Um tiro do patriarcado sai pela culatra

É algo estranha esta necessidade humana – ou deverei dizer masculina? – de pôr os nomes em tudo, seja móvel ou imóvel.

O mal de passarmos tanto tempo a obedecer às mesmas regras é que acabamos por deixar de as questionar. Bem sei que já aqui trouxe um tema premente da onomástica portuguesa, mas está na hora de regressar em força ao tema, dada a epidemia que assola os meus estimados contemporâneos que na flor dos trintas decidem dar início a mui belas famílias.

Ora, dizem as convenções que, na consumação do matrimónio, é a mulher quem tem de ostentar orgulhosamente o apelido do marido, e nunca o contrário. Imaginemos, por exemplo, uma dada Inês que decide casar com um determinado Manuel, ela de apelido Sousa, ele de apelido Silva. Mandam as regras então que, na assinatura da papelada, a Inês Sousa passa a ser Inês Silva, e que o nosso Manuel mantém-se imperador do seu imutável Silva. Coisas do patriarcado entranhadas na nossa cultura, bem entendido.

É algo estranha esta necessidade humana – ou deverei dizer masculina? – de pôr os nomes em tudo, seja móvel ou imóvel. O Ford ficou com o nome do seu inventor, a rua ficou com o nome do pintor, o rapa-taças ficou com o nome do ditador e a mulher fica com o nome do tipo que acha que é seu proprietário. O que o tipo armado em proprietário nunca reparou é que, por causa da sua regra tola, acabou por se auto-excluir daquilo que lhe parecia seu por determinação divina.
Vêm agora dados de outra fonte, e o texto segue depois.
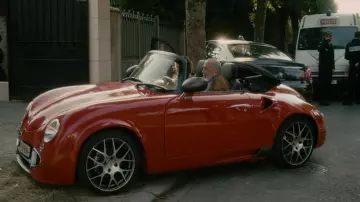 La PGO Cevennes rouge de M. Schaudel (Gérard Jugnot) dans Babysitting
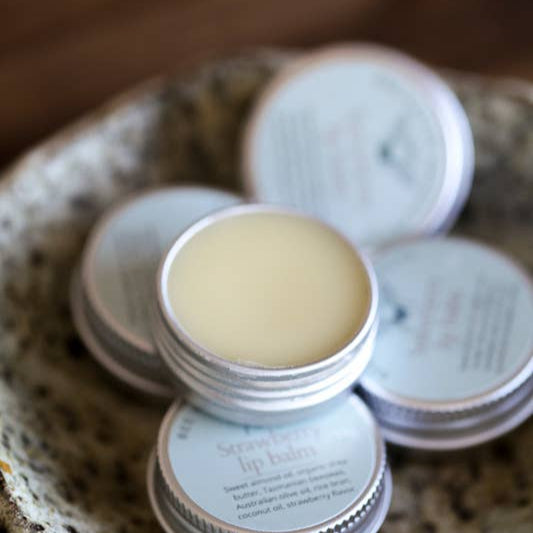 Lip balm Tin open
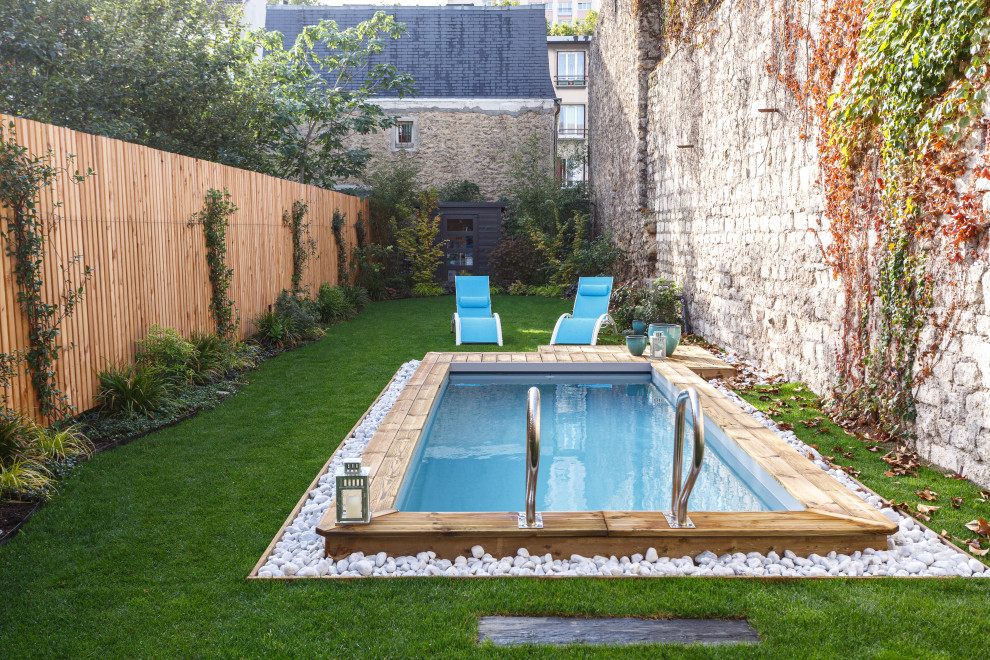 Пример оригинального дизайна: маленький естественный, прямоугольный бассейн на заднем дворе в современном стиле с настилом для на участке и в саду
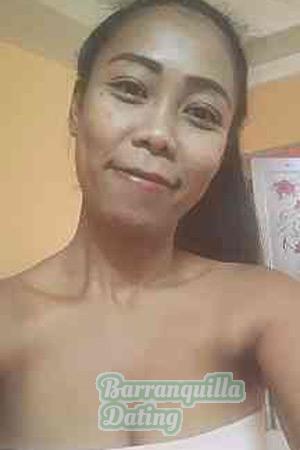 211079 - Chamaiporn Age: 38 - Thailand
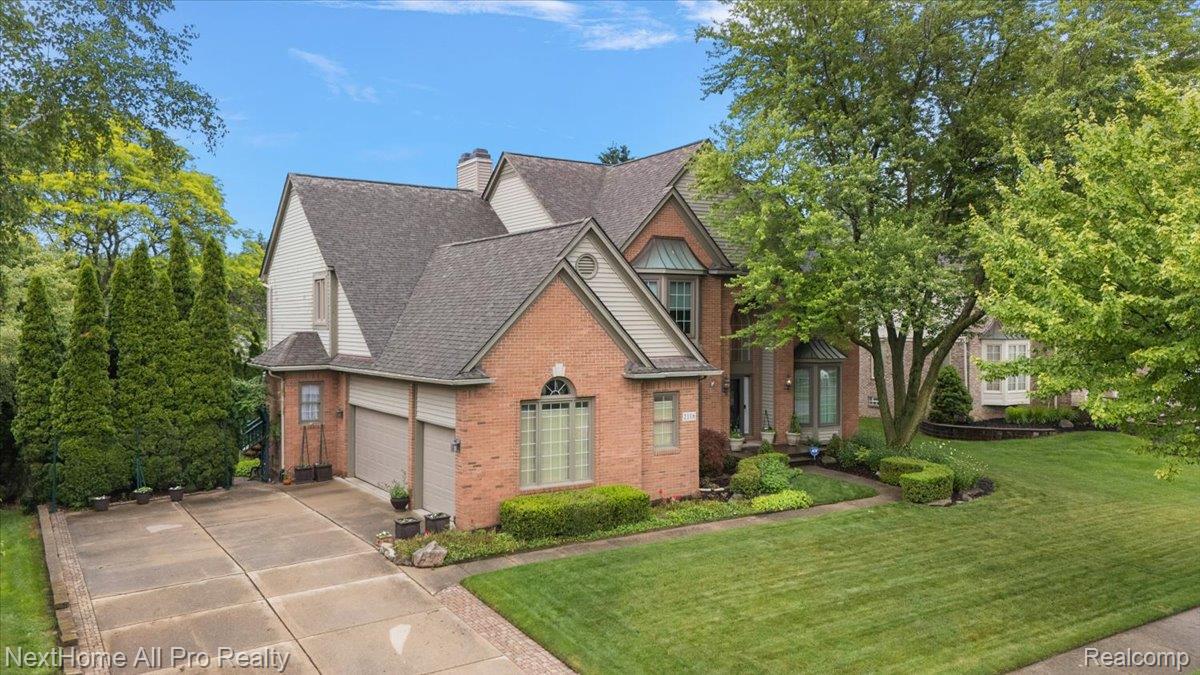2116 Mapleridge Road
Imaginemos agora que os nossos Silva decidem ser pais. Chamam Artur ao pequenito, e assim temos uma família Silva como mandam as regras da decência. O rebento terá no seu documento de identificação o nome Artur Sousa Silva. Tal como a mãe, Inês Sousa Silva. O pai, coitado, é um mero Manuel Silva. O patriarcado, com a mania de ser dono da casa inteira, acabou por ficar do lado de fora da porta. Se a família decidir pôr um pequeno letreiro junto à ombreira com os dizeres que assegura que ali moram os Sousa Silva, o nosso Manuel fica sem morada.

E solução para isto, dado o estado das leis? Tenho duas propostas, e nenhuma delas precisa de votos na Assembleia da República. A primeira é esta: se me casar, vou querer ficar com o apelido da noiva, e assim não faltará compromisso na criação de uma nova família. Eu serei Sousa Silva, e ela também. Iguais em tudo, até nos apelidos. A segunda é a mais provável: não casar. Ela tem o seu apelido, eu mantenho o meu. E, mais tarde, havendo uma criança, ela será a soma dos nossos apelidos, o que é de uma poesia eficaz e louvável. E assim contornaremos o tiro do patriarcado que, sem que ninguém aparente ter dado conta, saiu pela culatra.